The Defense Advanced Research Projects Agency has introduced a program with the goal of developing technology to help clinicians assess the behavioral and mental health of active-duty service members and veterans through preconscious thinking activity.
DARPA said Wednesday it intends for the Neural Evidence Aggregation Tool to augment current military health screening methods that use questions that a soldier could answer with filtered responses from their conscious mind.
The agency is scheduled to host a virtual event on March 15 to brief potential proposers on the NEAT program and expects to post a broad agency announcement on the SAM website in the coming weeks.
“Using the preconscious will hopefully enable us to detect signs of depression, anxiety, or suicidal ideation earlier and more reliably than ever before,” said Greg Witkop, a program manager at DARPA’s Defense Sciences Office.

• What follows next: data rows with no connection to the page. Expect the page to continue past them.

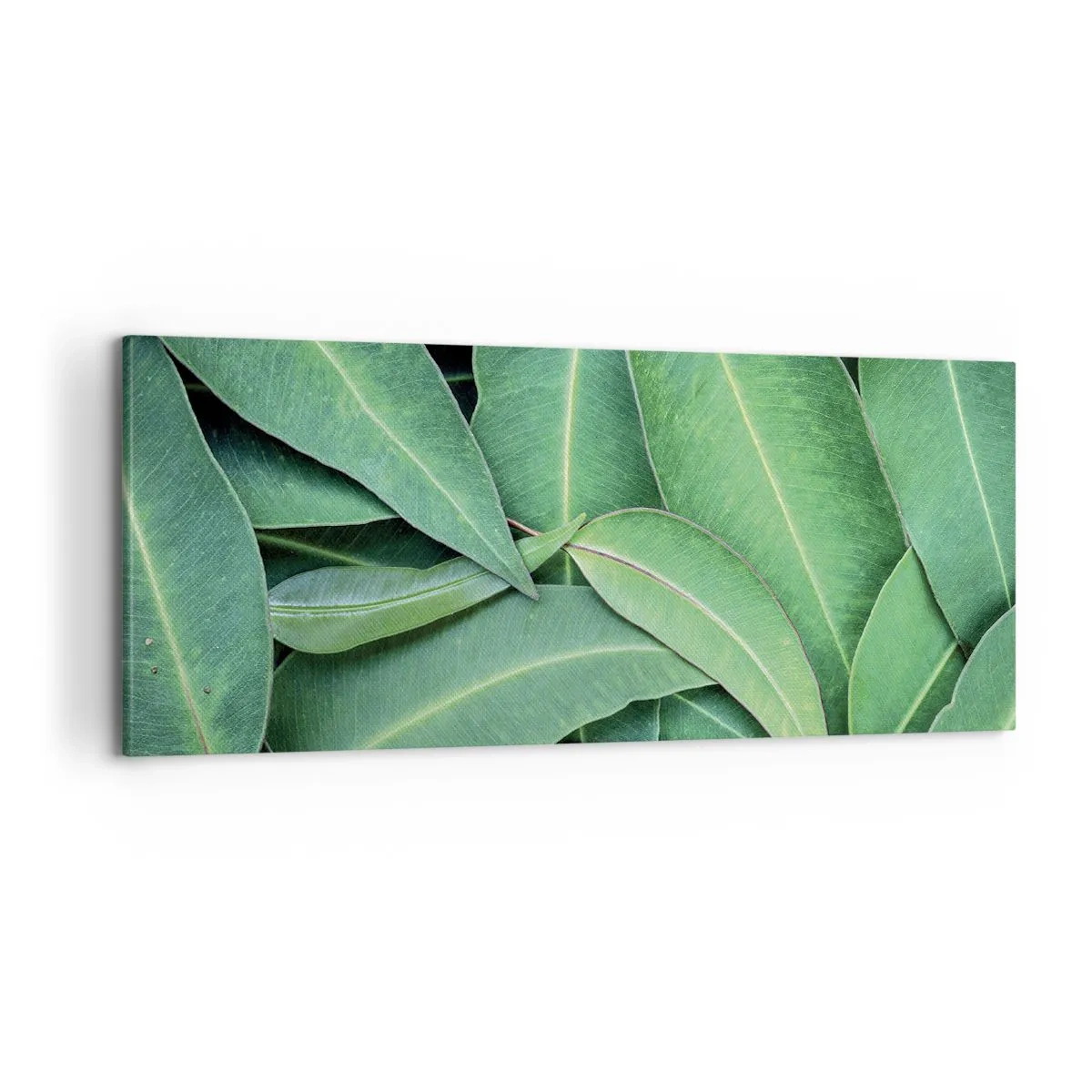Schilderen op canvas - Sappig en fris - 100x40 cm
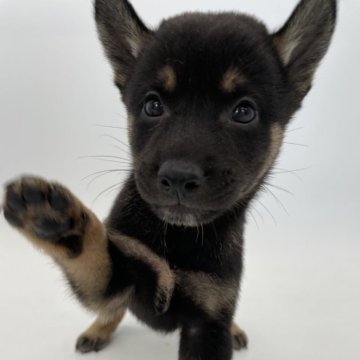 柴犬(標準サイズ)【千葉県・男の子・2024年7月13日・黒】の写真「小さめサイズの柴犬兄弟⭐️」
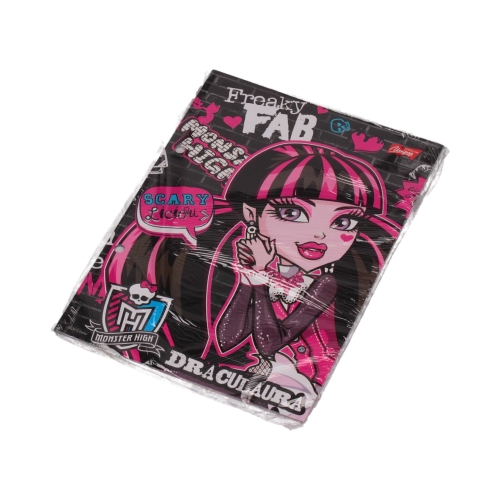 Wkład segregator MonsterHigh A5/20 wzór6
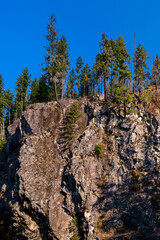 Granite cliffs and trees against a blue sky as morning sun casts shadows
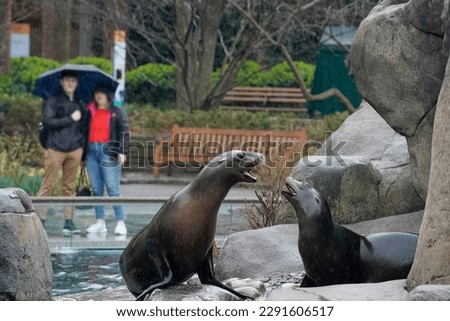 A Sea Lion in Central Park Zoo, New York City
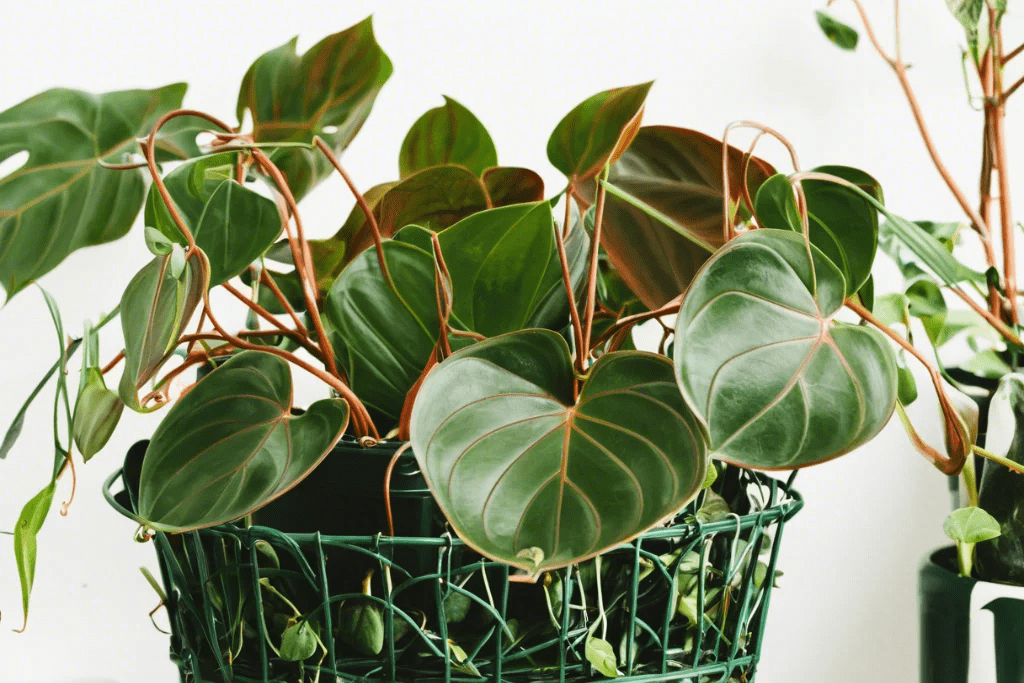 Philodendron Micans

“If successful, NEAT will not only significantly augment behavioral health screening, but it could also serve as a new way to assess ultimate treatment efficacy, since patients will often tell their clinicians what they think the clinician wants to hear rather than how they are truly feeling.”
The program covers a proof of concept phase that will run for 24 months and an operational setting phase that will last for 18 months.
DARPA plans to appoint an independent group to advise both agency personnel and contractors on ethical, legal and societal matters in connection with the cognitive science tool development effort.
The agency hopes to attract professional teams in the cognitive science, bioengineering, and machine learning disciplines to work in the program’s research and development and validation and verification areas.